ALLO-316, an allogeneic CD70-directed CAR T-cell therapy, demonstrated preliminary activity and a manageable safety profile in patients with advanced or metastatic CD70-positive clear cell renal cell carcinoma (ccRCC), according to findings from the phase 1a portion of the phase 1a/1b TRAVERSE trial (NCT04696731) presented at the 2024 SITC Annual Meeting.
Among the 39 patients enrolled, 26 were CD70 positive and evaluable for efficacy outcomes, with the highest responses observed in patients with a tumor proportion score (TPS) of at least 50 (n = 21). Tumor reduction was notably greater in CD70-positive patients with a TPS of at least 50, with 76% of patients (n = 16) achieving tumor burden reductions and 33% of patients (n = 7) experiencing a reduction of greater than 30%.
Dose-limiting toxicities (DLTs) were observed in 2 patients, both of whom received FCA (fludarabine, cyclophosphamide, and alemtuzumab [Lemtrada]) lymphodepletion followed by ALLO-316 at dose level 2 (DL2). These DLTs were autoimmune hepatitis (n = 1) and cardiogenic shock in the setting of multiorgan failure (n = 1).
Treatment-emergent adverse effects (TEAEs) were observed in all 39 patients, with 81% of patients experiencing grade 3 or higher TEAEs. The most common TEAEs included cytokine release syndrome (CRS; any-grade, 62%; grade ≥ 3, 3%), fatigue (59%; 3%), and neutropenia (56%; 51%). No graft-vs-host disease was reported
In the poster, lead study author Samer Srour, MBChB, MS, and coauthors, explained, “observed responses, including ongoing and deepening responses, in patients with a CD70 TPS [of at least] 50%, [indicate] a single infusion of ALLO-316 could benefit patients with immune checkpoint inhibitor– and TKI-relapsed/refractory RCC.”

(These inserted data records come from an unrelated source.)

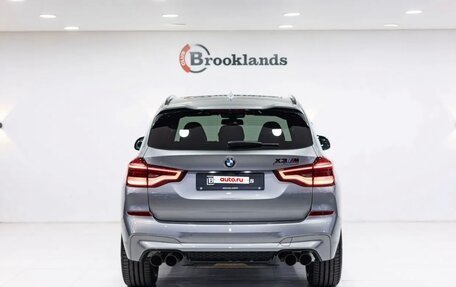 BMW X3 M, 2021 год, 7 790 000 рублей, 5 фотография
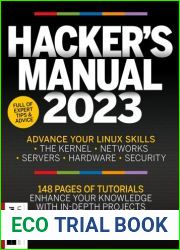 Hacker|s Manual - 14th Edition 2023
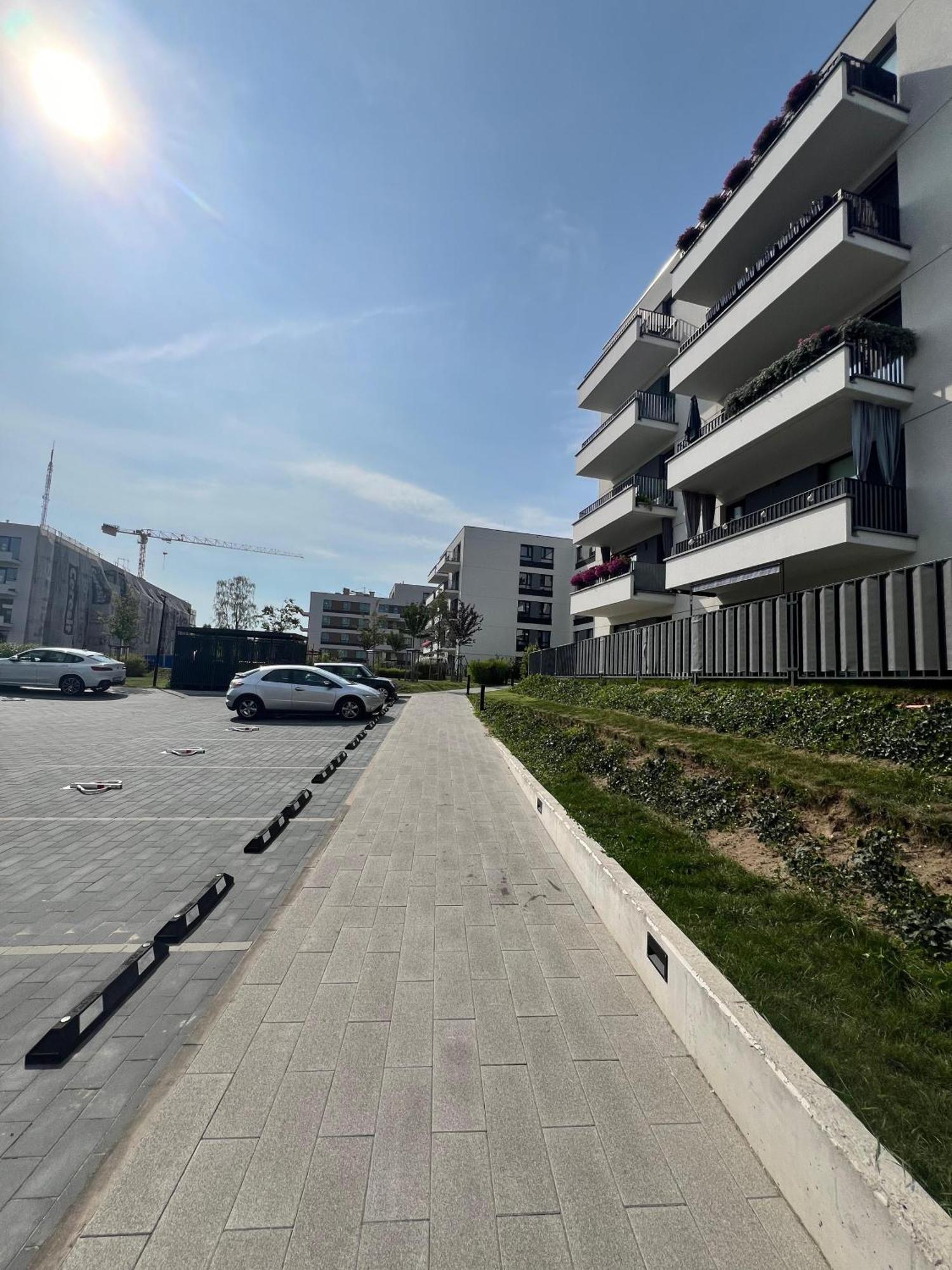 Mieszkanie Blisko Radomskiego Centrum Onkologii 외부 사진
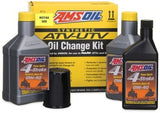 Amsoil Can-Am Rotax 500 ATV/UTV Oil Change Kit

Srour is an assistant professor in the Department of Stem Cell Transplantation and Cellular Therapy in the Division of Cancer Medicine at The University of Texas MD Anderson Cancer Center in Houston.
Phase 1a of the trial employed a standard dose-escalation design to primarily evaluate DLTs and the incidence of AEs. Phase 1b primarily focused on identifying the recommended phase 2 dose of ALLO-316, establishing the optimal CD70 TPS cutoff, and assessing the incidence of AEs.
Secondary end points across both phases included assessments of objective response rate (ORR), complete response rate, duration of response, time to response, progression-free survival, CAR expansion kinetics, and CD70 expression on tumor cells.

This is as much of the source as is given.